Pick me up love / From the bottom / Up to the top love / Everyday…
My computer—my most loyal companion for the past couple of weeks since my last term in college ended—is playing the Dave Matthews Band track Everyday, which has been playing daily, promptly, at exactly 7:00 AM, the time I am programming my insomniac self to wake up so I can get my much-needed regular exercise. Only today, I set it at 5:30AM, and it’s not because I missed three days worth of early morning jogging (another habit I would like to make regular). I set it early because at 8:00AM today, I am expected to attend my graduation.
So yes Dave, I am up, only after three hours of sleep; it doesn’t even feel like I’ve had any. To tell you honestly, I don’t even feel the excitement one ought to feel at the impending end of one’s scholastic experience. I don’t feel the usual graduate-to-be’s anxiety over the fact that after today, she will be another member of the growing population of the unemployed. I am not sure what the reason really is, but one thing’s for sure…if there is anything that is supposed to hit me today, right at this moment, the moment I wake up to a day marking yet another accomplishment, it has not made its rightful kaboom yet.

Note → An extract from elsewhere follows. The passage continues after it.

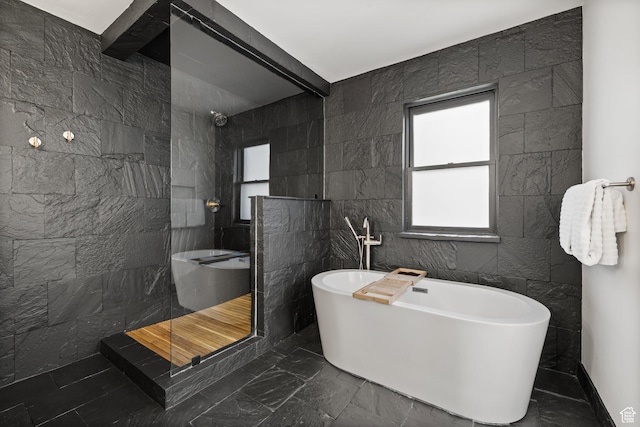 51 Daly Ave, Park City, UT 84060 - full bathroom with a walk in shower, healthy amount of natural light, a freestanding bath, tile walls, and marble finish flooring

I trudge towards the bathroom, splash cold water on my face, take a quick cold shower (they are the best in this heat), get in my white-polka-dotted-with-black dress and 4-inch pumps (they can kill people, and my feet too!), make my face up (which sounds really weird, now that I have typed it), grab a few chocolate chip granola bars and took two sachets of 3-in-1 coffee, empty it into my Starbucks tumbler, put in an inch of hot water to dissolve the powder first before pouring in cold water and ice, to complete my wake-me-upper drink. Kia texts and tells me that there is virtually no traffic and that she will meet me at the graduation venue.
In the car, I try to play an mp3 CD I burned earlier of a couple of songs from my Up And At ‘Em Playlist, but the car radio fails miserably, and we are forced to listen to early morning radio. Stephen Bishop’s It Might Be You plays and I cringe while I try to remember why I hated that song in the first place. I think it has something to do with it being the theme song of a guy best friend in high school and his then-girlfriend. I also remember that I sort of had a crush on him, and my gal pals Danii, Iris and Jomai (who are still three of my best-est friends to this day) could not understand why. I also remember that we used to do spit shakes (yeah, in high school…how juvenile and disgusting) and he once dared me to wear his retainer, and I did.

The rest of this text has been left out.